Marino ci ripensa e ritira le dimissioni. L'irresponsabilità del Pd
Il ripensamento c'è stato, la lettera di dimissioni presentata il 12 ottobre ritirata. Ignazio Marino è dunque ancora il sindaco di Roma. Il dietrofront, già annunciato a mezze parole domenica ai suoi sostenitori durante la loro manifestazione in Campidoglio, è così compiuto.
In 17 giorni Marino ha deciso di sfidare il proprio partito dopo che poche ore prima il commissario del Pd Roma Matteo Orfini aveva convocato i consiglieri comunali nella sede di via del Nazareno e aveva annunciato: "Se Marino dovesse ripensarci e decidere di restare alla guida del Campidoglio, i consiglieri del Pd si dimetterebbero subito dal loro incarico".
Per far cadere Marino però il Partito democratico non basta. Secondo il Testo unico degli enti locali, infatti, lo scioglimento del consiglio avviene con le dimissioni contestuali della metà più uno dei membri, che nel caso di Roma sono 48. Ai 19 del Pd se ne dovranno aggiungere altri 6 per raggiungere il quorum per sfiduciare il ritornante sindaco capitolino.

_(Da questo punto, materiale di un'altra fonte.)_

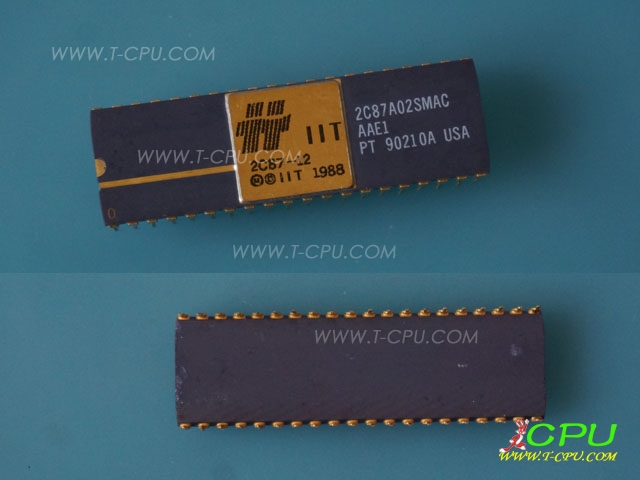 IIT 2C87-12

[**Video_box_2**]Oggi sul Foglio Claudio Cerasa ha sintetizzato il problema delle mancate dimissioni così:
Quando un partito delega alle procure la risoluzione dei suoi problemi succede sempre che le non scelte si pagano più di una cena in osteria pagata con le carte di credito sbagliate. Il caso Marino ci dice questo prima di ogni altra cosa e anche la giornata di ieri, che se possibile dimostra ancora di più che il pasticcio romano sta passando velocemente dall’essere un caso politico all’essere un caso clinico, ci dice che il vero dramma politico che riguarda Roma non è solo un sindaco irresponsabile ma è un partito che si ritrova a dover difendere una posizione insostenibile: ovvero che il conto che Marino deve pagare con la città riguarda un paio di euro relativi a una cena in osteria. Marino ha il diritto di dire quel che crede, di immaginarsi altri sessant’anni alla guida di Roma, di considerarsi in prospettiva il vero avversario di Renzi. Ma se c’è un qualcosa di più surreale dell’impazzimento mariniano quel qualcosa è un partito, il Pd, che dopo averlo sostenuto senza alcuna convinzione oggi non trova le parole giuste per spiegare perché Marino farebbe bene ad andare a casa senza fiatare più. Gli scontrini, signora mia, non c’entrano nulla. C’entra solo una cosa: l’incapacità di gestire una città. E chi avrebbe dovuto licenziare il marziano Marino per giusta causa oggi, non trovando le parole giuste per mandarlo via, in un certo senso dimostra di essere persino più marziano del sindaco marziano.